“All of you undisturbed cities, haven’t you ever longed for the enemy’ begins Rainer Maria Rilke’s poem in translation from Das Stundenbuch.
In David Whyte’s interpretation of the poem, Rilke’s walled, disconnected city is symbolic of the self which needs an enemy to break down its walls and reconnect. That enemy is life, which relentlessly through challenges and experiences forces the self, often painfully, to break down the defensive walls it uses to protect itself and open to a new ways of being. By self I mean the core of who each of us is.
Conflict has to be one of the preeminent challenges of life, and therefore from a self-development perspective, is a challenge to the self. I have taken the idea of conflict challenging the integrity of the self for the self’s own good, and combined it with a developmental perspective. The added piece is that the self is challenged and stimulated not just to change and grow, but to grow in specific ways through the experience of conflict.
Why does any of this matter? It’s one of my efforts to explain why people – why we – feel so threatened by ideas and ways of living that are contradictory to our own. It is also part of a general effort to make meaning out of the conflict experience. It may encourage you to engage more consciously and fully in conflict, which I believe would be valuable.
Developmental perspectives outline stages of human growth that each have mental, emotional, and possibly spiritual characteristics. Here is a childhood example to illustrate the profundity of the shifts that occur as one grows from one stage into another. When very young children cover their eyes they think that we can no longer see them because they can no longer see us. They do not have a developed capacity to separate their own experience from that of others. (Click here to read about a study done by Cambridge scientists.) I can remember the confusion I experienced when my mother tried to explain to me that covering my eyes did not stop others from seeing me. Making such a change in how one fundamentally orients oneself to the world is a significant step.

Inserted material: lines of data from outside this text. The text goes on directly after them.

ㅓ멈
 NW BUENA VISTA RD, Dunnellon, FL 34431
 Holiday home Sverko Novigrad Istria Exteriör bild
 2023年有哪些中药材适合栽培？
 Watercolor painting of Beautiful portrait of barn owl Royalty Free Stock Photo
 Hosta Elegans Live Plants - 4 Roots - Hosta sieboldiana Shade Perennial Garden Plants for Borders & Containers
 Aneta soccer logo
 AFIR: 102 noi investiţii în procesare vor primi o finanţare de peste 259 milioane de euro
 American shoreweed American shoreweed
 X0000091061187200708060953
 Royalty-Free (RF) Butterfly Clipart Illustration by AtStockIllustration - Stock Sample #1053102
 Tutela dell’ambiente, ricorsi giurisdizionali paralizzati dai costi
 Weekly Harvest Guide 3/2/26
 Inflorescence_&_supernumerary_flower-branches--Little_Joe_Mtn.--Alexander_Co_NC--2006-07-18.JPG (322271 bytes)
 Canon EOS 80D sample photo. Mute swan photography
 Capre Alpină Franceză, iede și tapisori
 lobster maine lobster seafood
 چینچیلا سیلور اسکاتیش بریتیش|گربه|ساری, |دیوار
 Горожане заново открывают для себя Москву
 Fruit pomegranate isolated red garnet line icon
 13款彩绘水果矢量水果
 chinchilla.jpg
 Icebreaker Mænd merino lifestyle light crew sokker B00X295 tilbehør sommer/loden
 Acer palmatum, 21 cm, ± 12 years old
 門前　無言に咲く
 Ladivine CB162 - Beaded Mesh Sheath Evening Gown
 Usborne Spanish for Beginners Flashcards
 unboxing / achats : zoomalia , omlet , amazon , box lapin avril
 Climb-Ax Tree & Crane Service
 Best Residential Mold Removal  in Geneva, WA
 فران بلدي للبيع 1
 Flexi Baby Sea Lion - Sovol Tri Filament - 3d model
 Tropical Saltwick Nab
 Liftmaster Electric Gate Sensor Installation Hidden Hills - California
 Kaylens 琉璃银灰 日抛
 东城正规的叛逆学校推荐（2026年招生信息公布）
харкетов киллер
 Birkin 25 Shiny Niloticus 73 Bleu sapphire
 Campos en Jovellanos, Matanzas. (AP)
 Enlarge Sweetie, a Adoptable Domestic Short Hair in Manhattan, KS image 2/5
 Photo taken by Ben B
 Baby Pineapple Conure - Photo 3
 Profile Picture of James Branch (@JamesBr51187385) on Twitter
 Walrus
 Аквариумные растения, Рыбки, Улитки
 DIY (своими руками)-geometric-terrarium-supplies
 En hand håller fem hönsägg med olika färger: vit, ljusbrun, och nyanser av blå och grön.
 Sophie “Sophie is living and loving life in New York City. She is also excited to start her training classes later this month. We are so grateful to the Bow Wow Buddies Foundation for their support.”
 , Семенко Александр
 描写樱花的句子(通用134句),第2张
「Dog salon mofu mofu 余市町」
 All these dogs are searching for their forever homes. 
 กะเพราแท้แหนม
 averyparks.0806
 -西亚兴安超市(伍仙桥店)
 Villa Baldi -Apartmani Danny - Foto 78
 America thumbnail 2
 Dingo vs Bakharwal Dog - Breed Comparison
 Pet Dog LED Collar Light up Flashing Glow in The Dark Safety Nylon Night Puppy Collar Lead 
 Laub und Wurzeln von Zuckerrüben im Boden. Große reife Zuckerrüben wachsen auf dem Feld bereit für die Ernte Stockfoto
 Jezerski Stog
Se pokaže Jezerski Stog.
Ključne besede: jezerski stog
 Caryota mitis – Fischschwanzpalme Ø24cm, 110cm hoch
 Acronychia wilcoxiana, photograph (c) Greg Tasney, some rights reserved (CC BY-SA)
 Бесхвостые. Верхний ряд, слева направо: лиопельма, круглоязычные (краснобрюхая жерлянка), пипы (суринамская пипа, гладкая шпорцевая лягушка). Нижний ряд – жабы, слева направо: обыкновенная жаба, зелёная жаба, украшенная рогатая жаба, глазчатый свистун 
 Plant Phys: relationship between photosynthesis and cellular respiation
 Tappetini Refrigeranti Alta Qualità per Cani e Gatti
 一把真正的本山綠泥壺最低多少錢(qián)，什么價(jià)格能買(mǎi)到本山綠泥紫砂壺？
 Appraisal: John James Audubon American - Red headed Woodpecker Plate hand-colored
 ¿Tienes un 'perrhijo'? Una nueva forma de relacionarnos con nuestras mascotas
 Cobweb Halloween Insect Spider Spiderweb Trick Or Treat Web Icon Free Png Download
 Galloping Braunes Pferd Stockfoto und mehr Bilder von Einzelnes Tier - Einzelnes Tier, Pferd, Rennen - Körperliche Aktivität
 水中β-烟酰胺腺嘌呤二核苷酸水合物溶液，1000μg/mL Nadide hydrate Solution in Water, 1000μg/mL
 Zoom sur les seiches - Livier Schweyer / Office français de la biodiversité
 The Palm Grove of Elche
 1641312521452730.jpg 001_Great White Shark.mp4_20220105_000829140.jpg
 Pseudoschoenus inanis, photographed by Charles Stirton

So, evidently, changes from one stage to another are large, have a quantum (all-or-nothing) quality, and most importantly, it is difficult to appreciate the value of the next stage from one’s current vantage point. From a developmental perspective, you the reader are in a stage of development and there’s a good chance that you don’t realize that possibility. Nor probably do you realize the potential benefits derived from entering the next stage.
Robert Kegan author of In Over Our Heads has proposed a provocative set of developmental stages that provide explanations for some of the psychological challenges currently faced by humanity. Here is a trace of one aspect of growth through three of his stages. Teenagers tend to construct a set of values and worldview consistent with environmental and group influences (3rd stage). One of the shifts to adulthood is the capacity to independently construct one’s own unique worldview (4th stage). According to Kegan, shifts to the 5th stage don’t occur before middle age. One characteristic of the 5th stage is the lived recognition that no single philosophy, ideology, perspective or conceptual orientation can grasp a complex situation. One must simultaneously apply multiple orientations. Below is a video of Robert Kegan speaking about his developmental theory.
Kegan’s 5th stage might be experienced as follows by one of the participants in a conflict. She is comfortable knowing that someone else views her as a liar; she understands why he thinks she is a liar; she knows that there are other perspectives of the situation that she does not have; she views herself as fundamentally honest; she can see an aspect of her response to the situation in which she was not honest with herself; she can see that there is information it would have been better to share; she finds that her experience suggests the other person has not always been consistent between what he said he would do and what he did, and she needs to point that out; she can see that there are aspects of the organizational system that lead to the type of misunderstanding that has unfolded; she can see an alternative pattern of interaction that might work better for both people. She can comfortably hold all of these perspectives at the same time and talk about any one of them as needed.
If there is any common human experience wherein people are challenged to take a different and broader perspective to resolve a tension, conflict is it. The challenges presented by conflict are highly consistent with the challenges one needs to overcome in order to advance in Kegan’s view of adult development.
Conflict challenges our defensive walls and offers opportunity to step beyond who we have been, and it offers the opportunity to integrate greater mental and emotional complexity. It sometimes does so in a forceful manner like a stern father who is more focused on serious matters than gentleness. The phrase ‘longing for the enemy’ reminds us that we have much to gain from interacting with others in conflict.
Here is Rilke’s full poem:
All You Undisturbed Cities
All of you undisturbed cities
haven’t you ever longed for the Enemy?
I’d like to see you besieged by him
for ten endless and groundshaking years
Until you were desperate and mad in suffering
finally, in hunger, you would feel his weight.
He lies outside the walls like the countryside
He knows very well how to endure
longer than those he comes to visit
Climb up on your roofs and look out:
his camp is there. His morale will not falter
His number will not decrease, he will not weaken
He sends no one into the city to threaten
or promise and no one to negotiate
He is the one who breaks down the walls
and when he works, he works in silence.